Clarendon councillors argue over garbage collection
MAY PEN, Clarendon — Forced to take pictures to prove her team is working so she could hold on to her job, National Solid Waste Management Authority (NSWMA) Zonal Manager Opal Samuels has hit back at constant criticism from the Clarendon Municipal Corporation.
The problem, she said at last Thursday’s monthly meeting, was an unprecedented amount of rubbish being discarded by people who simply do not care.
The terse exchange began when councillor for the Palmers Cross Division Carlene Benjamin (Jamaica Labour Party) took issue with Samuels’ assertion that, even though there were still severe challenges with communal receptacles, “the collection of solid waste over the Christmas period was satisfactory throughout the zone”. In giving her report, she said by adding additional trucks her team had managed to make a dent in the backlog of garbage.
Councillor Benjamin did not agree.
“During the Christmas season, this division was probably the nastiest division. When you come to Sandy Bay from Free Town right at the entrance of Rosewell Road, along that plot has been turned into an illegal dump. I am so ashamed to pass there in the mornings, but I don’t have nowhere else to drive,” said the locally elected official.
“It is a disgrace to travel through Rosewell. The garbage leading up to Kennedy Grove has been overturned into the road. The place is nasty, and nasty is a good word [to describe it]. So I don’t know where solid waste cleaning up for December was ‘satisfactory’. Because I can tell you that is not so in the Palmers Cross Division, and I can go on and on. Suh dem fi stop talk bout ‘satisfactory’ because to me it is unsatisfactory in the Palmers Cross Division,” she ranted.
In defending the report, Samuels insisted that garbage in May Pen proper and its environs — which includes Palmers Cross, Nineteen Mile, and Free Town — was, in fact, collected on December 27 last year.

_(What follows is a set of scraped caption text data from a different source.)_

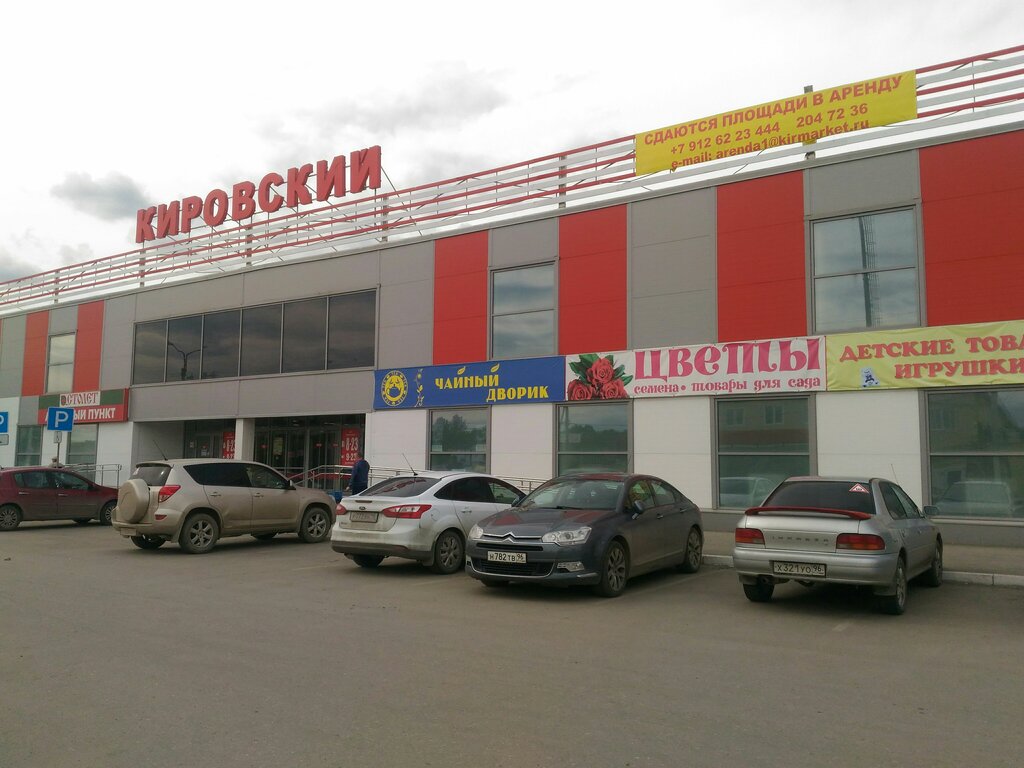 Среднеуральск Магазины Часы Работы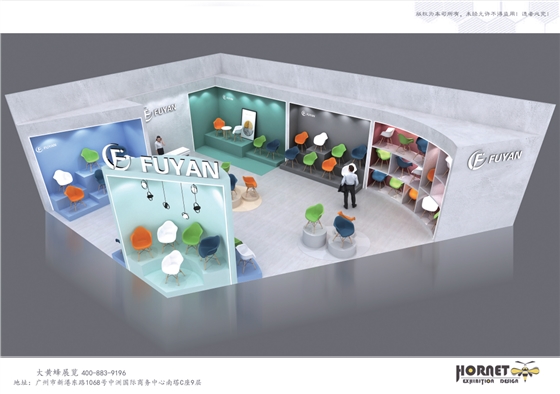广州家具展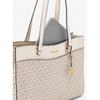 Michael Kors Jet Set Travel Pocket Tote Large 35f4gtvt9b2605 Light Cream Multi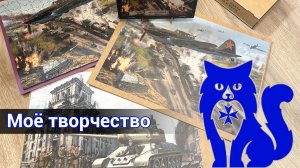 Моё творчество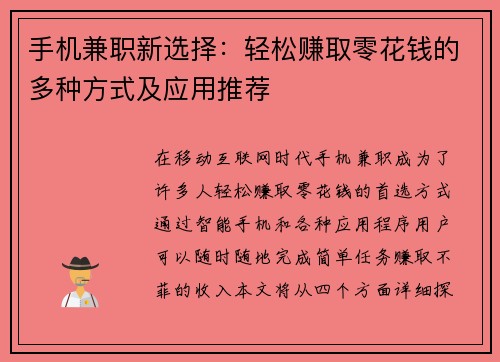 手机兼职新选择：轻松赚取零花钱的多种方式及应用推荐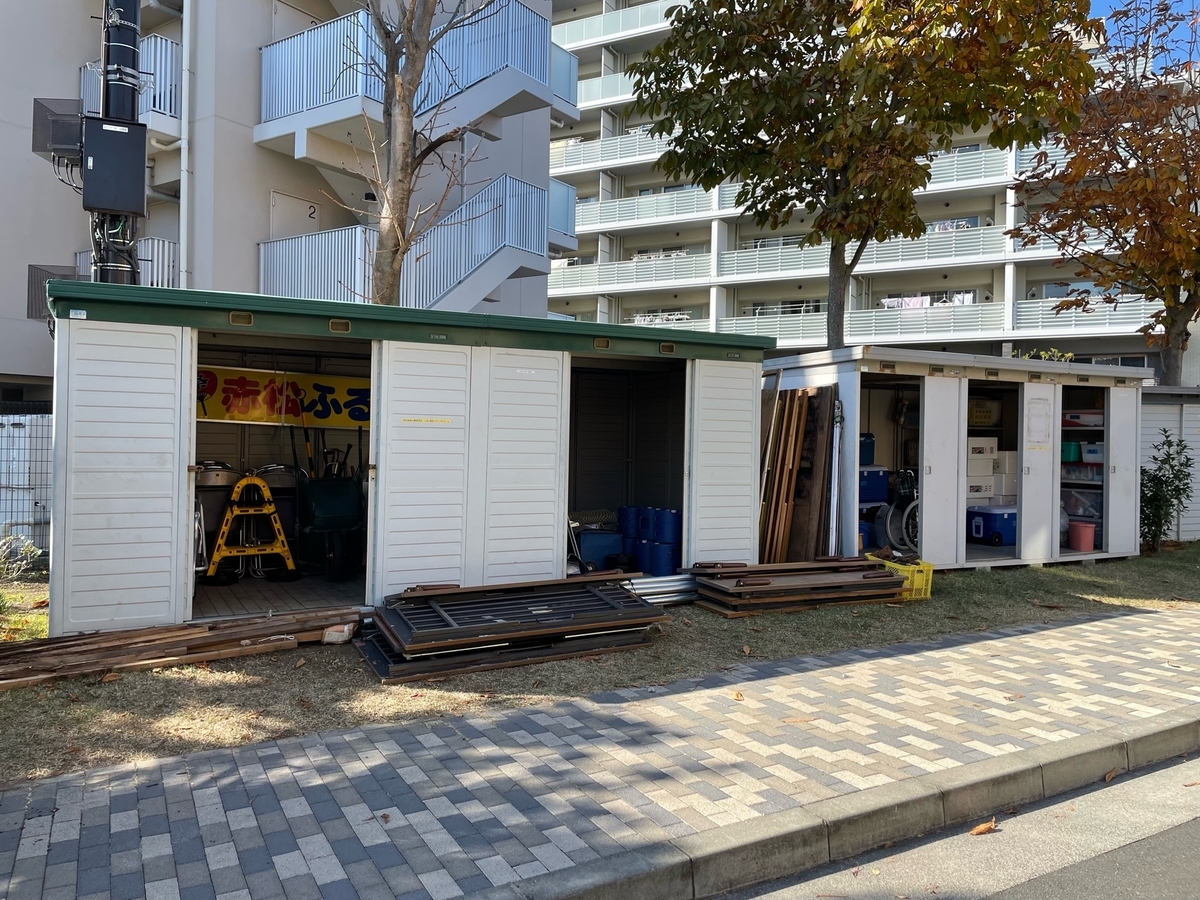 防災倉庫を○十年ぶりに、清掃・整理して防災用品を収納可能に! - 赤松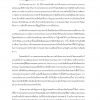 แนวข้อสอบ นิติกรปฏิบัติการ สำนักเลขาธิการคณะรัฐมนตรี ครม - Image 11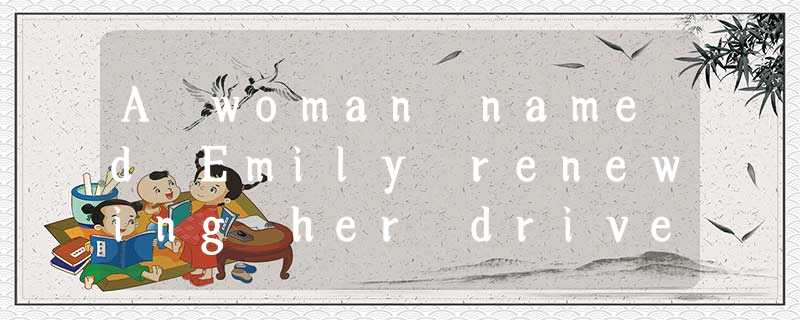 A woman named Emily renewing her driver’s license at the County Clerk’s office w A woman named Emily renewing her driver’s license at the County Clerk’s office w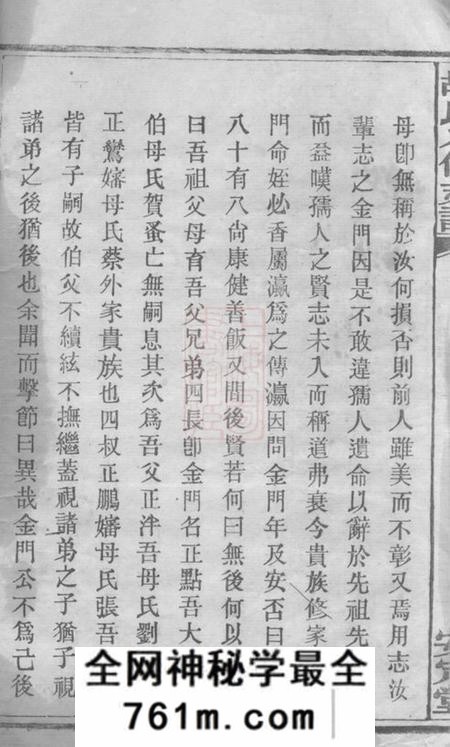 宁乡等安定堂胡氏八修支谱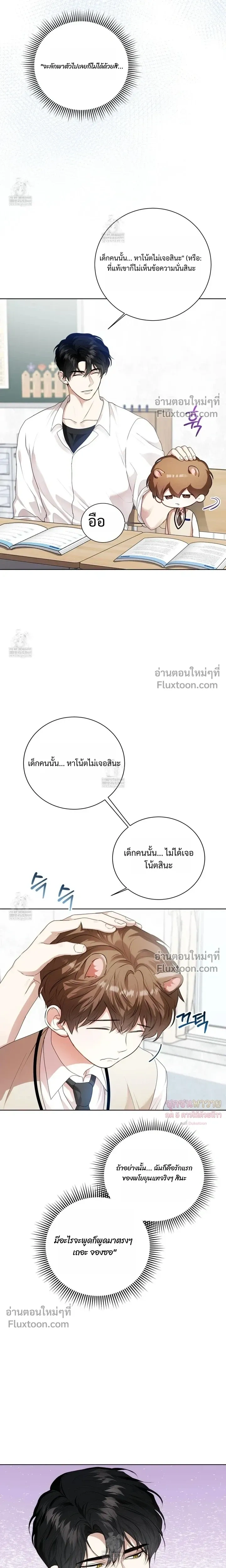 Mr. Mongoose… I want you! หน้า 9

“We keep hearing that the areas are not being collected a week going into two weeks after it was collected. The garbage is unlike any we have seen before. The May Pen town was cleaned right, left, and centre right through on Christmas Day. And I have pictures to show because that’s what we are doing now because we get complaints after we clean the areas. We cleaned an area and three days after we got some pictures that it was not cleaned. I had to show my pictures because I would have lost my job if I didn’t have proof. The areas are being cleaned. I don’t know where the garbage is coming from, I have absolutely no idea. It seems residents just take out their garbage and just throw it anywhere,” she retorted.
Municipal council chairman, Winston Maragh, who said his attention was called to uncollected garbage in the Kellits Division, also sought answers from the agency’s representative.
“I got a call from the principal of the McNie Primary School to say that the garbage has not been collected for over two months. A young lady also called me from Sevens Ground to say that her garbage has not been collected for two months either. I have also gotten calls from other persons in and around the May Pen area that their Christmas garbage is yet to be collected either. So I don’t know what you call satisfactory,” he told the NSWMA representative.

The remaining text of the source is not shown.